Developing Teachers as Leaders: Gradual Release of Control
Posted April 10, 2013 by Terry Wilhelm
In recent posts, we have explored the rationale and benefits for principals to share leadership with teachers, discussed the difference between sharing leadership and delegation, and examined staff meetings as a beginning place for teachers to step onstage.
It is now time to approach a thorny issue: a principal’s willingness to give up some degree of control. This is not to be taken lightly. In my experience, some principals are simply unwilling or unable to make even beginning steps toward sharing leadership because it means relinquishing some degree of control. Could this be true of you?
How willing are you to share leadership?
Here are some questions for principals to consider:
- Do I worry that teachers may not be able to perform a particular leadership function as well as I can?
- If that turns out to be true, in spite of my personal attention to developing their skills, what is the worst that could happen?
- Do I worry that teachers – or a teacher – might perform a particular leadership function better than I do?
- If that turns out to be the case, what will people say? Will it be a poor reflection on me (could my job be in danger), or will people applaud my decision to develop teacher leadership because it complements my own?
- Am I uncomfortable with the possibility that my teacher leaders will challenge decisions I would make differently if they were not involved?
A tiered approach for decisions about decision-making
If the third area is troublesome, a helpful “tiered” approach will help clarify for teachers how and when their input will be used:
- Level one decisions: I will make the decision with no teacher input.
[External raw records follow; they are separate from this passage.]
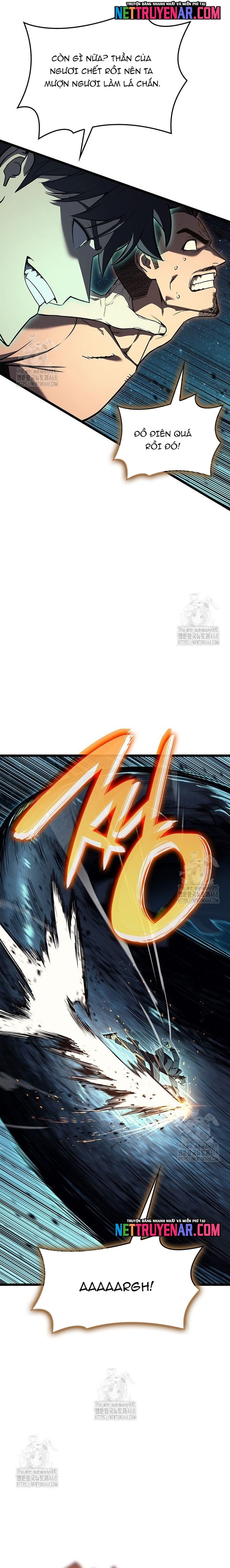 Vị Vua Mạnh Nhất Đã Trở Lại Chap 148 - Next Chap 149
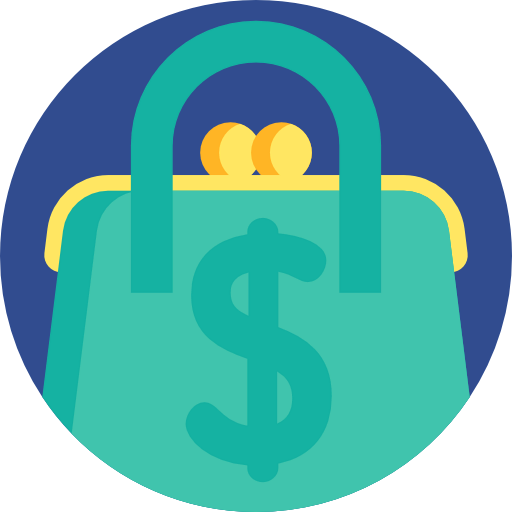 Purse icon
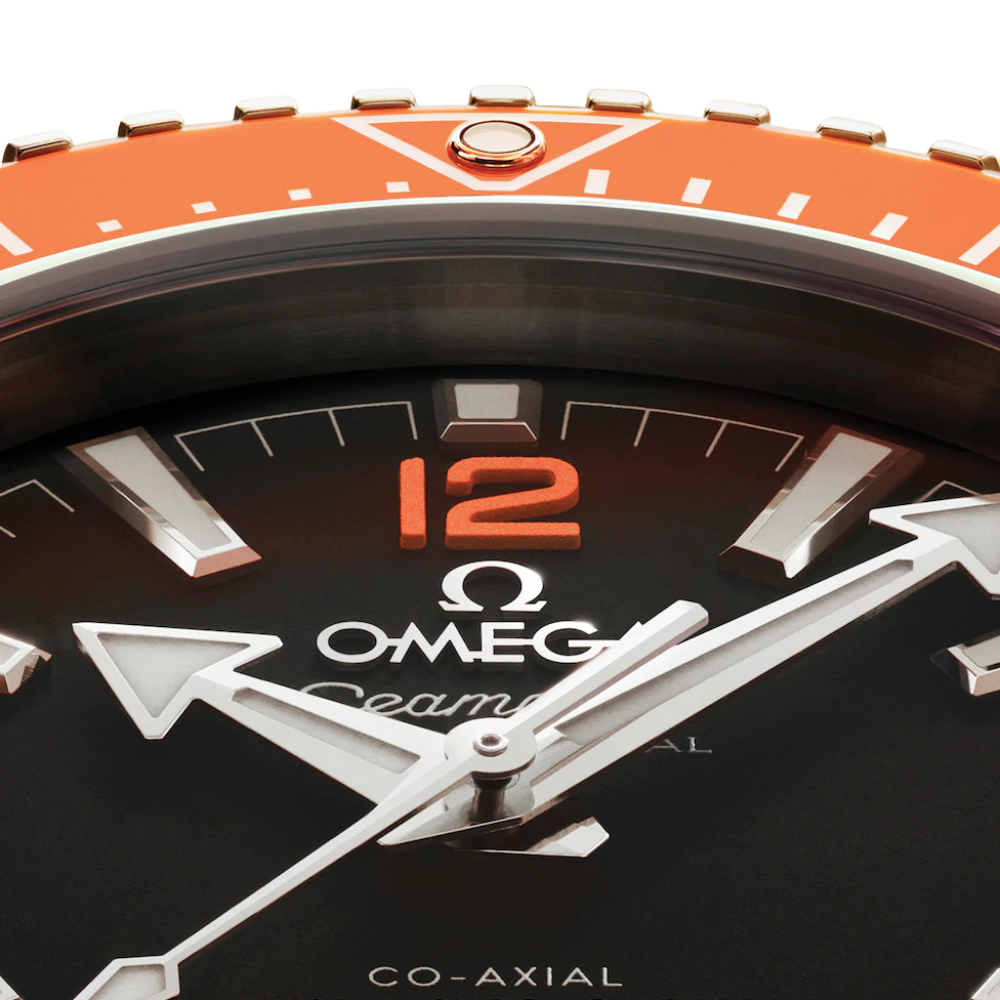 OMEGA Seamaster Planet Ocean 600M 217.30.42.21.01.003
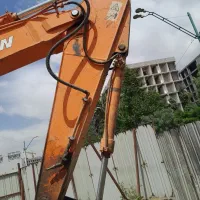 بیل مکانیکی ۲۳۰ دوسان سولار 2009|خودرو سنگین|کرج, اصفهانی‌ها|دیوار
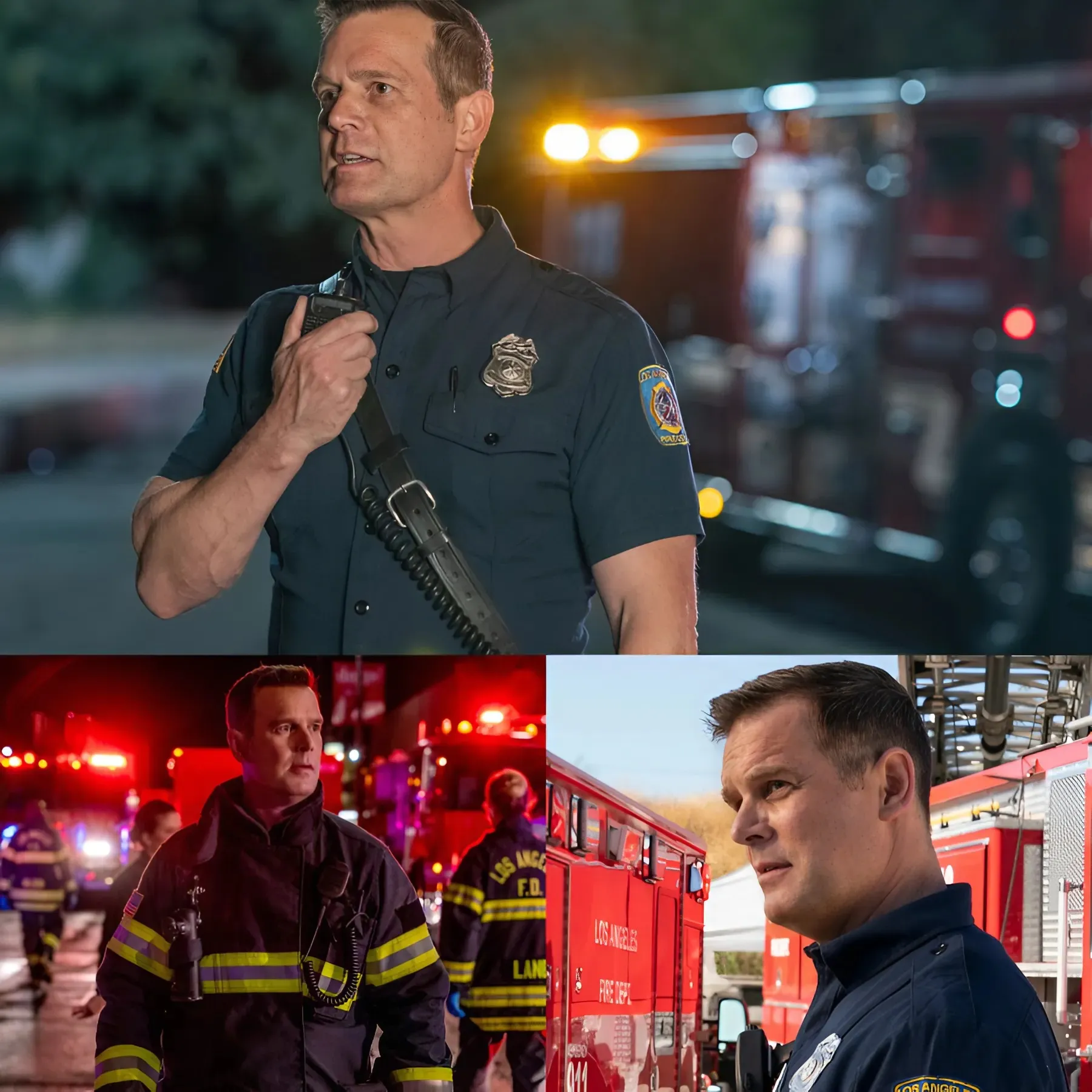 ‘9-1-1’ Isn’t Moving On From Captain Bobby Just Yet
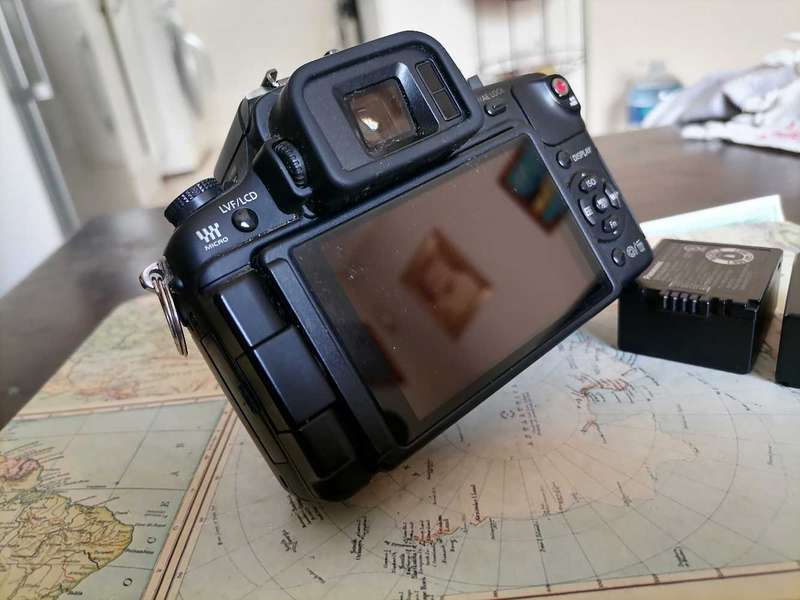 Panasonic Lumix Gh1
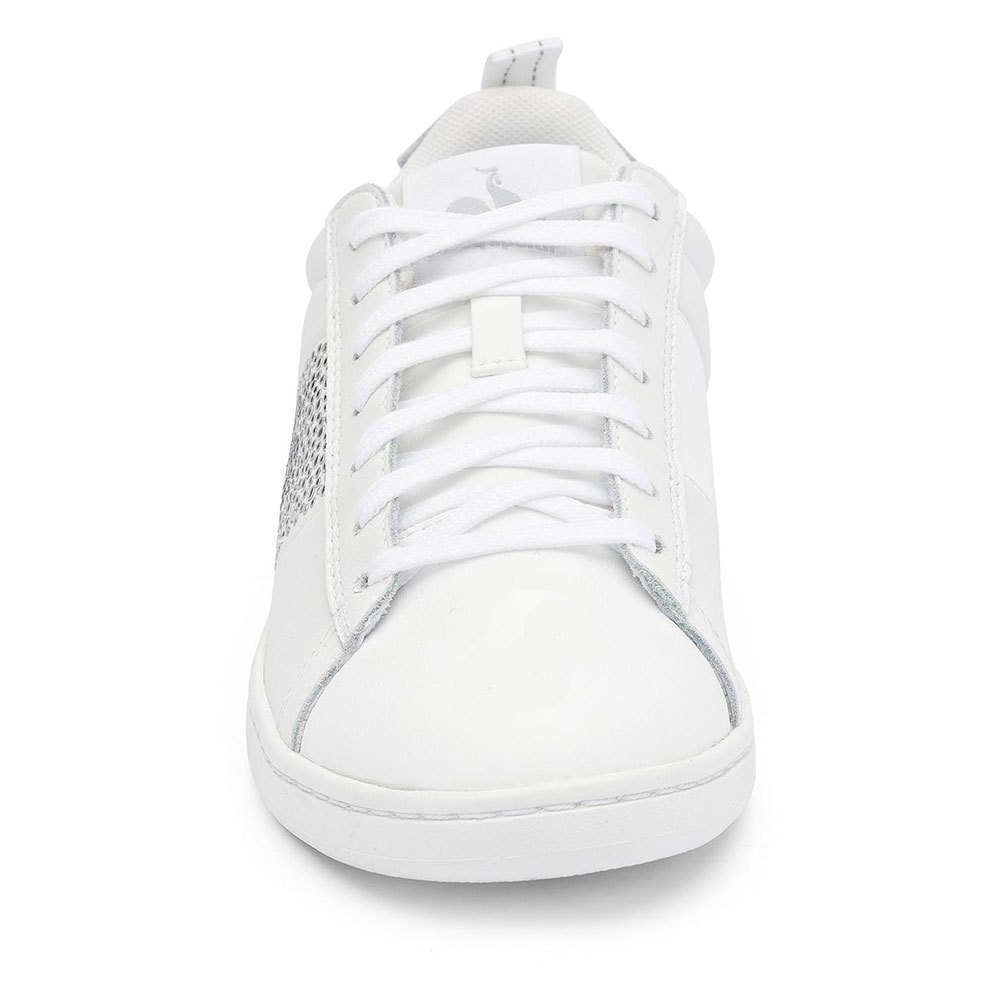 Le Coq Sportif Court Classic Diamond Women's Sneakers White | 68FBIRYWS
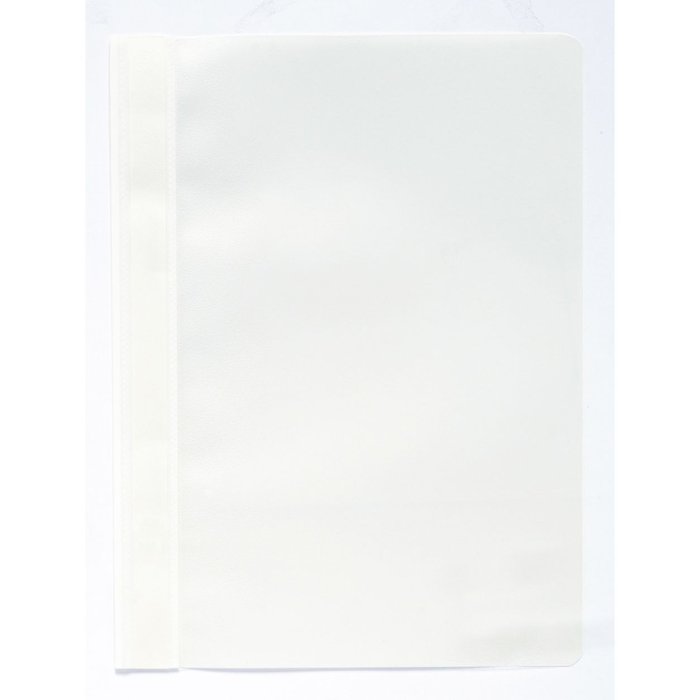 Carpeta blanca A4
Concerns in this category include school safety/security and personnel and student issues that require confidentiality. Many of the myriad decisions a principal makes in a given day are not important enough to bother busy teachers with.
- Level two decisions: I will solicit teacher input but I will still make the decision.
- Level three decisions: We will make the decision together, and I do not have a strong stake in having the outcome go a particular way.
- Level four decisions: I will put the decision on the table for discussion and the team will make it.
Using these levels and being fully transparent about them up front will help you avoid the temptation to take the disastrous action of reversing a team decision — disastrous because of the principal’s loss of credibility with the teachers on the team.
What levels of decisions should include teachers as decision makers?
Among the kinds of decisions that should fall into levels three and four are those that involve teacher collaboration, curriculum, instruction, and assessment, and many involving school-wide climate and discipline.
Shared leadership is not abdication
It is crucial to understand that sharing leadership is not abdication. Even when the principal decides to put an issue on the table for a team decision (level four), his/her influence is still important, and the team will still want to know where s/he stands on the issue. Ultimately, the principal is still responsible for everything that happens in the school, and sharing leadership does not change this.
Benefits of shared leadership
Nothing moves a school ahead — with consistently improving outcomes for all students — faster or more powerfully than teacher ownership of the improvement initiatives. “Buy-in” is never a strong enough force to gain serious momentum. Many schools have numerous staff members who minimally “bought in” to past initiatives, but often this amounted to no more than lip service. By contrast, when the teacher leaders of a school take ownership, even the most outspoken naysayers lose power.